CM: How did you go about creating it? Did you sit down and write a whole new set, or is it previously performed work gathered together…?
DM: I’m definitely not the kind of comedian who sits down and writes a show once a year. I work comedy clubs every other night, so it’s that material plus some things that tie it all together. Luckily I’m only capable of thinking about a few things each year apparently, so what I talk about seems quite structured.

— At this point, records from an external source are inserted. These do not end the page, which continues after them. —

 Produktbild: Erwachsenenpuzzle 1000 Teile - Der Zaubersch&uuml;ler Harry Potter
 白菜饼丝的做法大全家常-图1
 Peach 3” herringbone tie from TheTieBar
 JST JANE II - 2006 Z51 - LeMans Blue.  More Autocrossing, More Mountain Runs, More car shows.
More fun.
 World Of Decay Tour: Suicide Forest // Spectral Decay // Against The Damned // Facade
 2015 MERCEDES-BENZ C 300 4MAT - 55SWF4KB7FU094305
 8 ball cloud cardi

CM: How do you feel like your Edinburgh run has gone this year? Can you tell us about the high points and the low points?
DM: Objectively it’s gone really well! My biggest room ever is full, I’ve been getting good reviews and got recommended by the Scotsman. At the coal face though, it’s been really hard as that brings in an expectant audience who don’t know what they’re about to watch. I get it, they look at me in the red tracksuit, moustache and glasses and think I’m a vegan who’s gonna complain about Brexit for an hour when actually I’m just a jerk.

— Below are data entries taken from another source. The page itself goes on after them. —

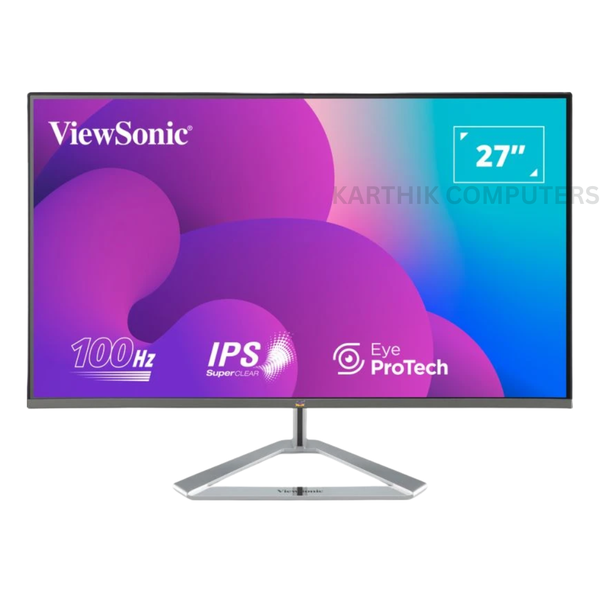 ViewSonic VX2776-SMHD-3 27-inch Full HD IPS 100Hz Monitor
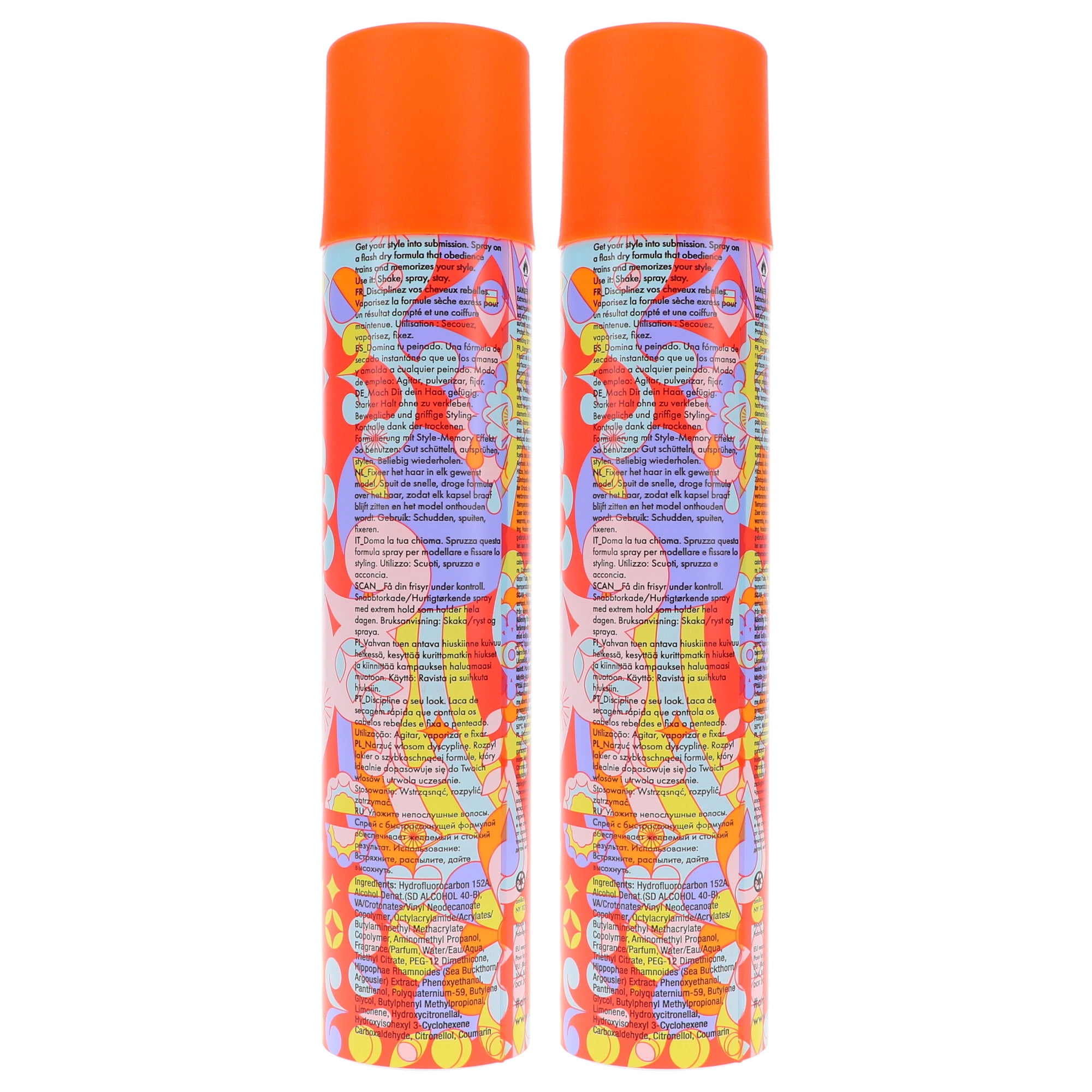 Amika Headstrong Hairspray 8.2 oz 2 Pack - Image 7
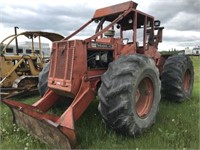 Timberjack 450 Skidder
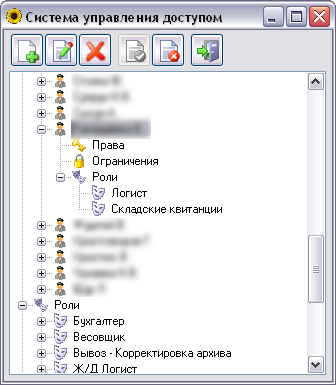 Система управления доступом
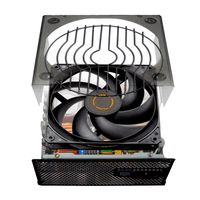 Блок живлення 1000 Вт, 80 Plus Gold, Modular, 135 мм Silent Fan, 8SATA + 4PCI-E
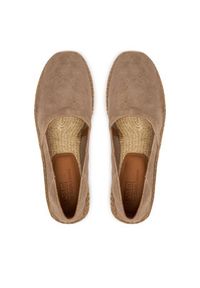 Polo Ralph Lauren Espadryle 803P07638003 Beżowy. Kolor: beżowy. Materiał: zamsz, skóra #3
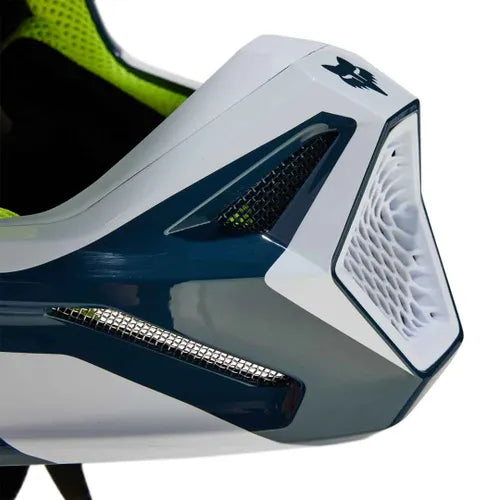 Fox V1 Flora Helmet Dark Indigo FO31372203S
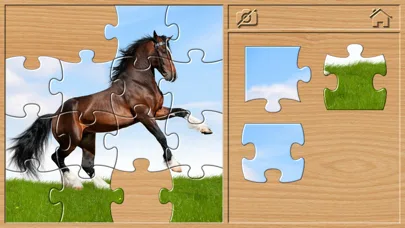 Animales Juego de Rompecabezas screenshot 4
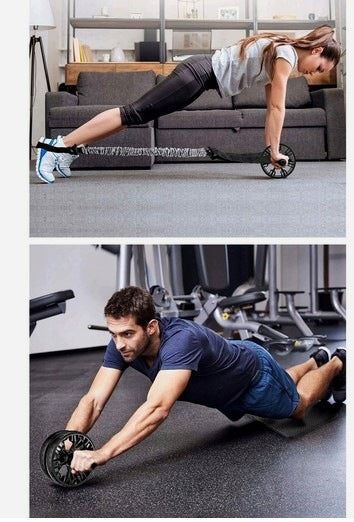 Abdominal Exercise Wheel Ab Wheel Fitness Training Roller Packaging status original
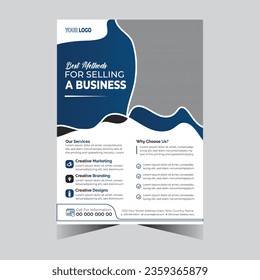 Template vector design for business brochure AnnualReport, Magazine, Poster,
Corporate Presentation, Portfolio, Flyer, infographic,layout space for photo background
layout modern with blue color size 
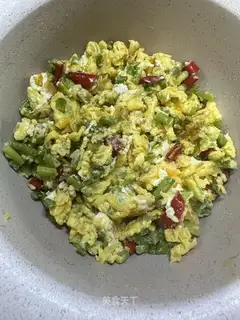 Egg garlic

High point: getting a 4 Star review – previously I’d only ever gotten horrible reviews and getting four stars was my goal going in. Low point: waking up with a slice of pizza in my bed for the 3rd time. Not even in the box, just on the sheet.

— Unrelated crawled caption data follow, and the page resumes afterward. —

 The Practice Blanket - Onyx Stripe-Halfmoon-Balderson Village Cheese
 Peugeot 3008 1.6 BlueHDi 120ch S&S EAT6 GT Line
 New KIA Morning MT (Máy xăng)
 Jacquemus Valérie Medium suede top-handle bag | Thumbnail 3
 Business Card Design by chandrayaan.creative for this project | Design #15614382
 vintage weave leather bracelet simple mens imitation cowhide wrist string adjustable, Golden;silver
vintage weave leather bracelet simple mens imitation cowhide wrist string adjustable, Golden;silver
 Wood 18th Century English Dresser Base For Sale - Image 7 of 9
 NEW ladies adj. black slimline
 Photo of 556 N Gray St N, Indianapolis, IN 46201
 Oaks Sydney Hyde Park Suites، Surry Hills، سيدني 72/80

CM: Do you think you will come back next year, and if so, is there anything you’re already planning to do differently…?
DM: I’ll definitely be back next year, I think Edinburgh is the best arts festival in the world. I don’t like arts festivals but it’s so good I can’t help but want a piece of the action. Also, audiences here are very loyal so if you keep coming back, they’ll keep coming back.

And obviously, I’m planning to do everything differently: drink less, join a gym, cook at home twice a week but I’ve had that plan every year and I already mentioned the pizza in bed right?

CM: What do you like most about being in Edinburgh for the Festival?
DM: The BEST thing by such a huge margin is watching other people’s shows. Especially when it’s someone you’ve worked with in a club but in Edinburgh they put on this amazing show with multimedia and other acts and just really take advantage of the full hour. This year I loved Phil Ellis’s show so much, and also think Ian Smith is criminally underrated.

CM: Can we talk a bit about your past? How did you get into stand up, and did you always want to do it?
DM: I got into stand-up at university, someone suggested that I should do it and I’ll never forgive him. I was a law student, all ready to go earn money and worry about business cards and all that American Psycho rubbish. I wasn’t dramatic or creative in any way really, so the idea of doing comedy never occurred to me. Australia isn’t like that culturally, the idea of being on stage isn’t suggested to us – unless it’s to accept a Best & Fairest award in sports, which is strongly encouraged.

CM: Who are your influences as a comedian?
DM: Growing up I listened to Dave Chappelle & Chris Rock religiously, and Eddie Murphy obviously. Then when I got into stand-up more all the usual suspects: Patrice O’Neal, Bill Burr, Louis CK etc. All very American, I like their swagger.

CM: What aims or ambitions do you have for the future?
DM: Well I’ve got an interview podcast called ‘The Union Jack Off’ that I really enjoy doing, but I’d like to start a new one with a bit of a looser format that I can really grow. Also Australian TV sucks but our comedy scene is amazing with heaps of brilliant acts doing amazing things, so somehow helping to translate that on screen whether on TV or even online would be very cool.

CM: What’s coming up next for you after this?
DM: After Edinburgh I’m just back on the circuit working random British towns, got a few London encores lined up and then supporting Steve Hofstetter on his UK/European tour in November. After that, I’m headed back to Australia in December, so hoping to do some Australian festivals early next year before coming back here in 2020. Oh, and then I’m gonna get married because comedy isn’t everything.

Daniel Muggleton performed ‘Pimpin’ Ain’t Easy (But I Reckon it’s Easier for Straight, White Men?)’ at Laughing Horse @ The Counting House at Edinburgh Festival 2019.